代わりに桃花はとりあえず、名刺を差し出してみた。
(自分でも遅すぎるとは思っているんだけど……)
まったくもって自己紹介をする暇がなかった。電車に乗っていた時は、とんでもない場所に連れ込まれそうになったら、どうやって逃げるかだけを考えていた。だが、それでもついていくしかなかったのは、どうしてもこの写真たちを「作品」にしたかったからだ。そのためにも、モデルにもちゃんと許可をとって、正規の「作品」としたかった、ということが大きかった。
「どうもご丁寧に」
アリスに囲まれてはしゃいでいるはずの彼は、わりと予想以上に素直に名刺を受け取ってくれた。
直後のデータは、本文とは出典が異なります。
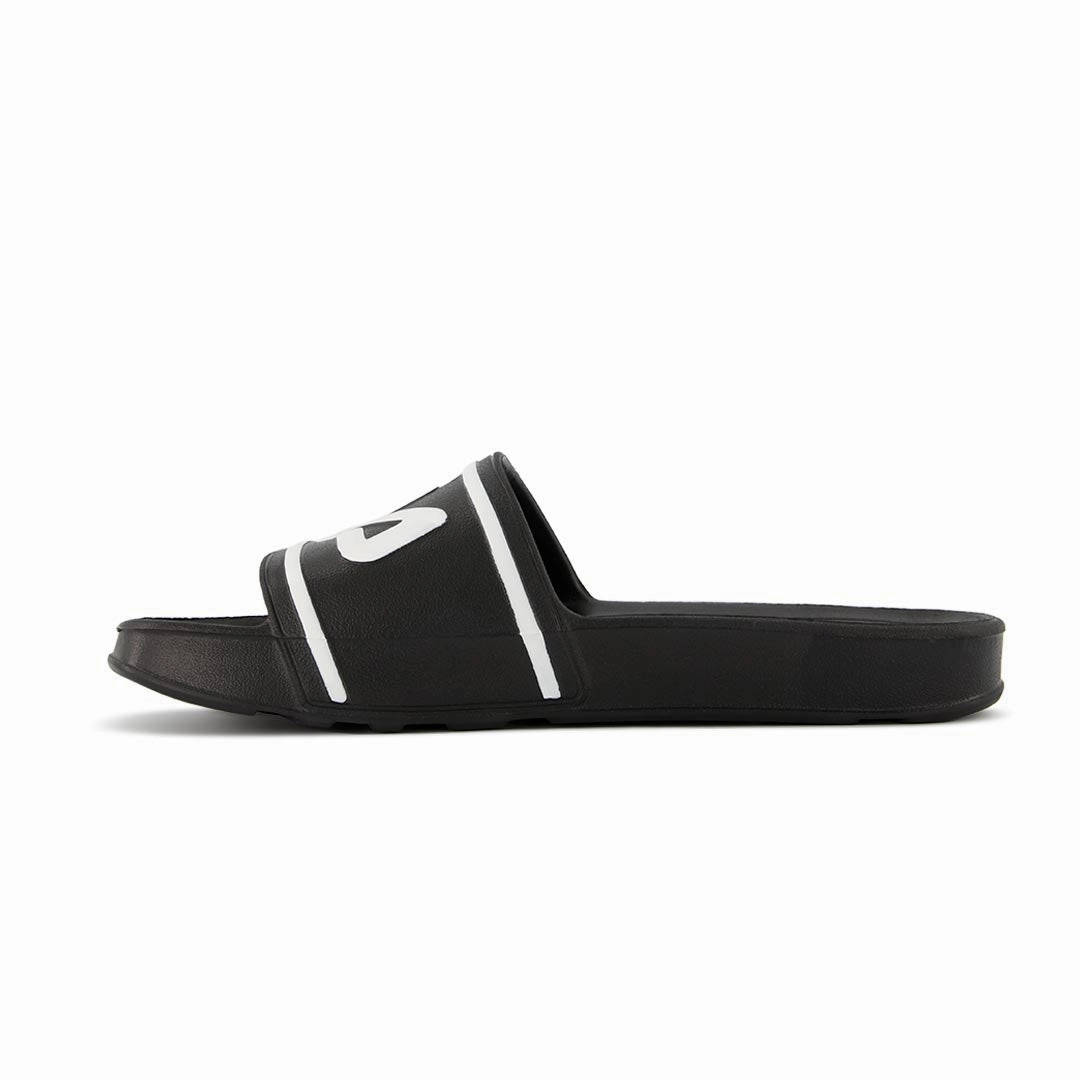 FILA - Men's Sleek Slides (1SM00075 014)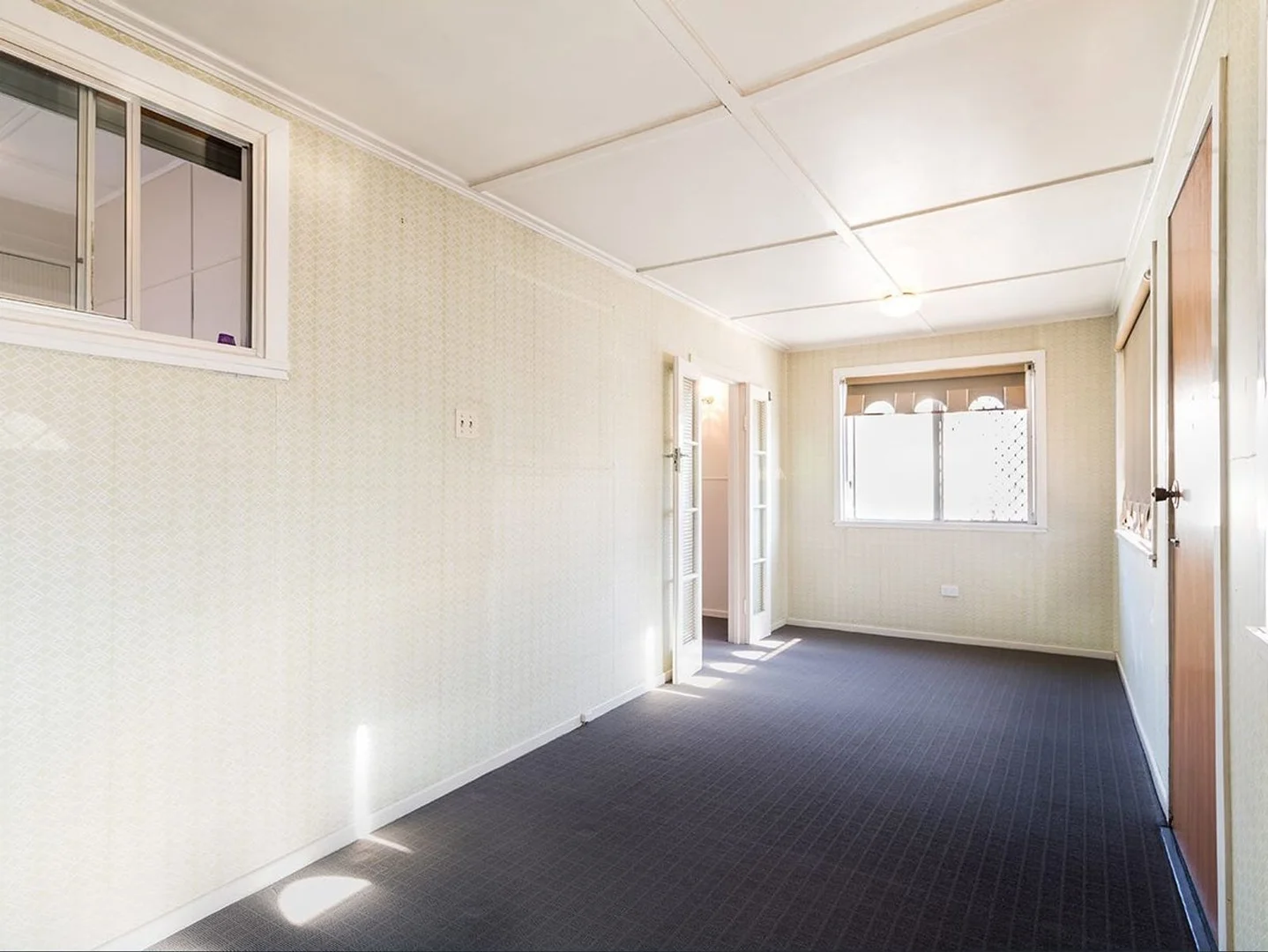 Additional image 23 of 19 & 21 Redfern Street, Woolloongabba QLD 4102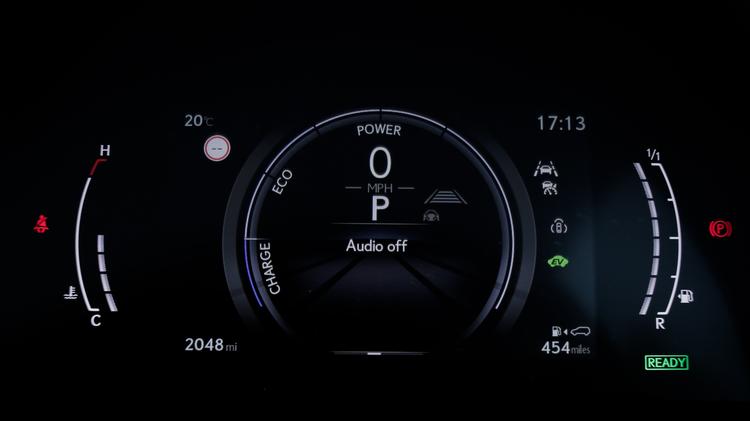 rx_estate_108326.jpg - 500h 2.4 Direct4 F-Sport 5dr Auto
(あ、そこはちゃんとコミュニケーション取ってくれるんだ……)
名刺を受け取ってくれるかどきどきしたが、そのあたりはちゃんとしてくれるらしい。
「ふむ……オスカー出版の……モチヅキ、モモカ?」
ついでに日本語もある程度読めるらしい。日本人離れした顔立ちはしているが、話している日本語になんら違和感はない。漢字もちゃんと読めている。
「はい。望月桃花、オスカー出版でファッションフォトグラファーをしています。一応、こちらは盗撮とかではないので……それで納得してもらいましたか?」
桃花は頷いて、彼に真剣なまなざしを向けた。
「ええ、では僕のことはアル、と呼んでください」
そしてみたらあっさりと名前を言われた。たぶん本名ではない。愛称だろうが。
「……ずいぶんあっさりしてますね」
アルからは名刺はもらえないことはなんとなく察していた。
そもそも最初からそこまで友好的なのであれば、自分のことを知らないでいてくれる人などとは言わないはずだ。
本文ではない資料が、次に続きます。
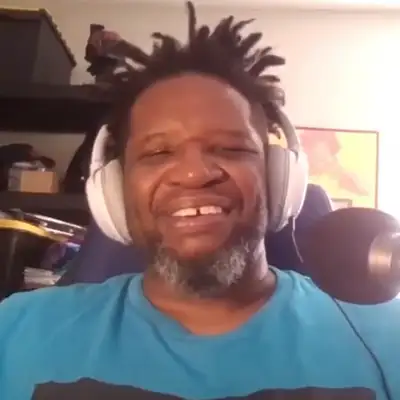 Zo
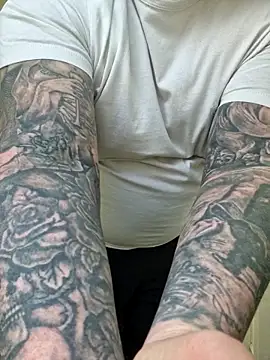 iang6348 online show from March 2026 05:29:02 PM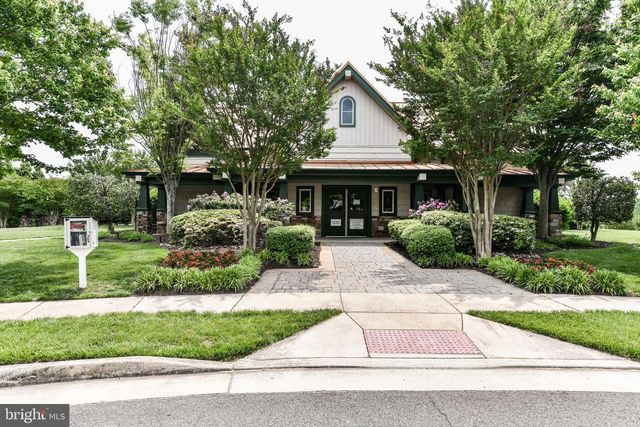 14104 FLICKER CT, Gainesville, VA 20155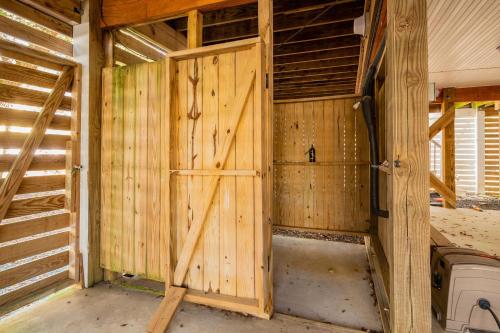 Alta Mira by Oak Island Accommodations - photo 45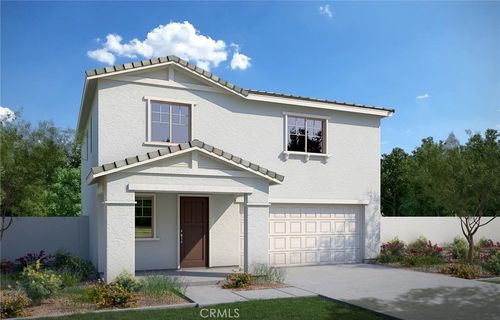 1615 Hemlock Road, Banning, CA, 92220 | Card Image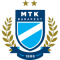 MTK Hungaria Budapest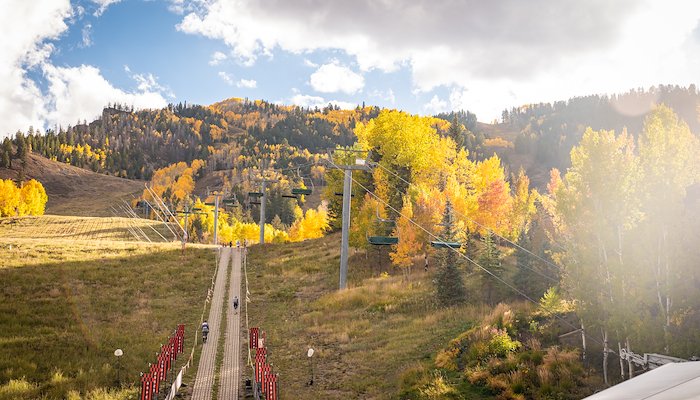 Read 29029 x Aspen Recap by 29029 Everesting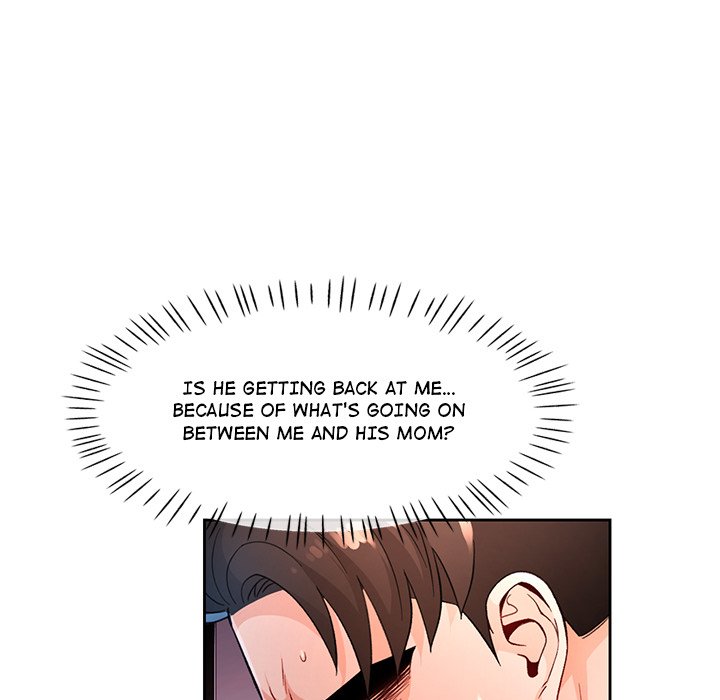 Wait, I’m a Married Woman! Chapter 38 image 84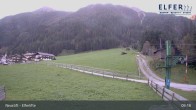Archiv Foto Webcam Neustift - Hochstubai: Krössbach 08:00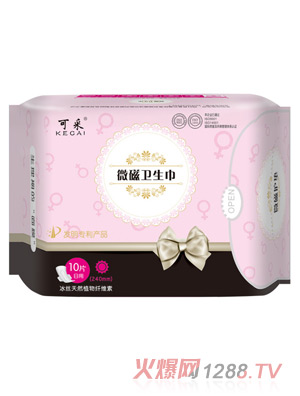 �ɲ�΢���l(w��i)��������10Ƭ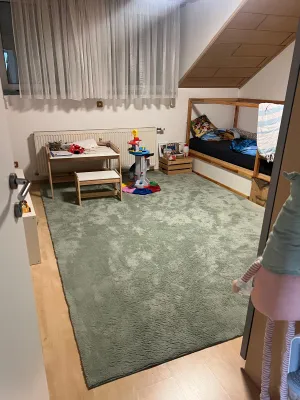 3-Zimmer-Wohnung mieten in Deutschlandsberg – 90 m², € 992 – Bild 8 von 11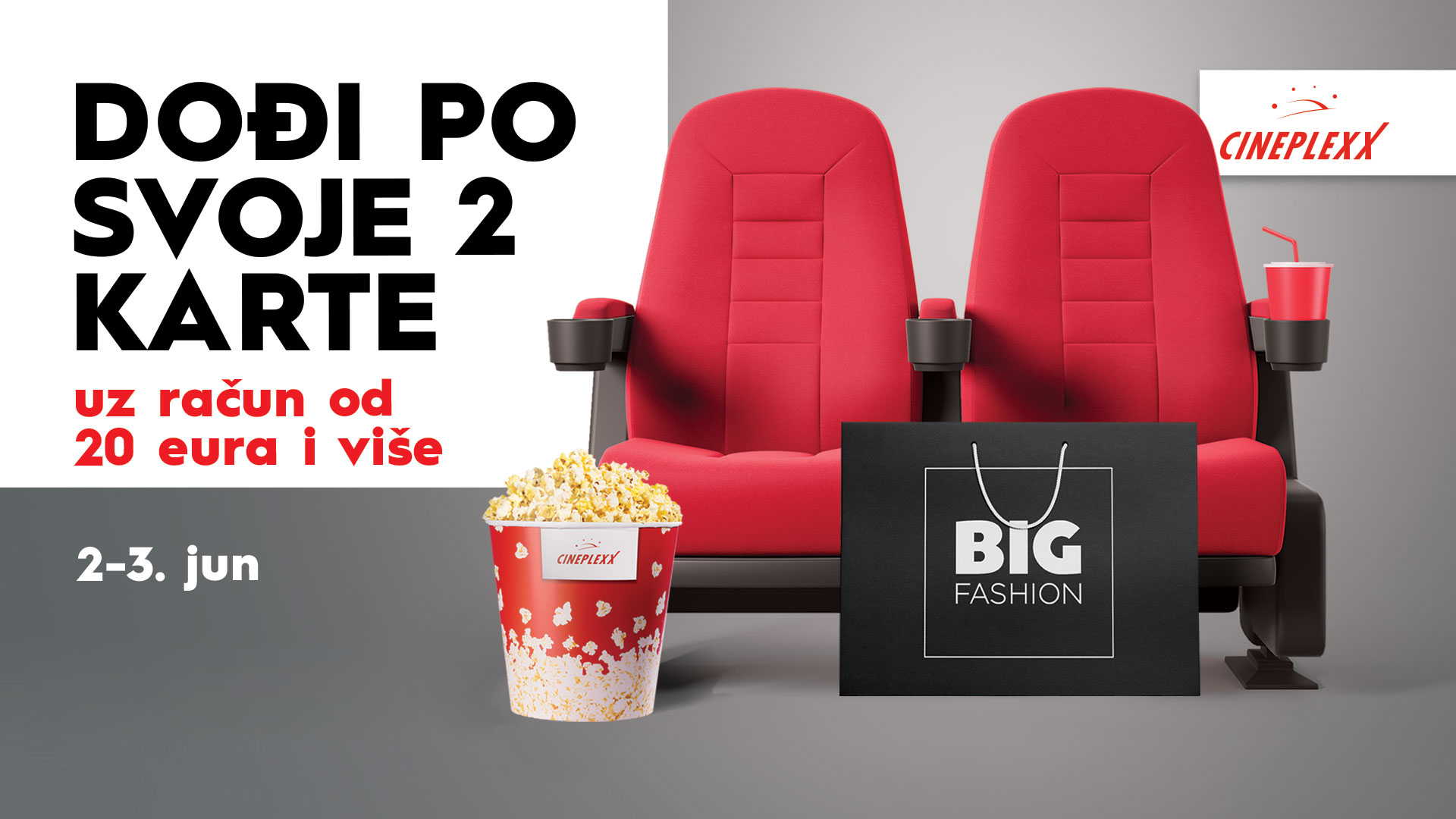 BF-PG-_Cinaplexx-aktivacija-1920x1080-1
「呼び名がないとお互い不便でしょう? 教えてくれたのなら、それに礼を尽くすのがマナーだ」
自称アル、はにこ、と笑いながら、首を傾げた。
また、それが腹立たしいことに映えたのだ。先ほどならばいきなり出てきた街中の王子様という感じなのだが、このコンセプトカフェの中では、異世界の中で本当に出会った王子様のような顔に見えてしまう。
「まあ、そうですね。その、じゃあ、私は望月でも、桃花でも……どちらでも大丈夫です」
(これは本気で二次元キャラにもなりそうなんだけどなあ。こういう背景だと、アル……さんが余計に現実離れしている気がするし、それも似合っちゃうってすごいよなあ)
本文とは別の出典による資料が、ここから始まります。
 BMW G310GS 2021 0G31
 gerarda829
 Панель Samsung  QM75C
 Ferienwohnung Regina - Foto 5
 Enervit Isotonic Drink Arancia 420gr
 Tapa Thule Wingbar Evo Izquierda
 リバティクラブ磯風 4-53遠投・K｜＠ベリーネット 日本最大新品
口で無難なことを言いながら、桃花は心の中で思わずそんなことを考えていた。
「では桃花、で」
アルもそれに頷いた。
男の人から下の名前で呼ばれることはなかなか久々だった。あの時は、食べるだけでも特別感があったのに、これだけ顔のきれいな男の人に生まれて、何ら特別感を見出せないのは、きっと彼が何も思ってないからかもしれない。
「それで桃花は何を食べますか?」
「えっと、じゃあサラダ、とか?」
「では、それにコースを頼みましょうか。安心してください。お代についてはこちらで全額払いますから」
そうやって、優しく笑ったアルは食事の仕方まで王子様のようだった。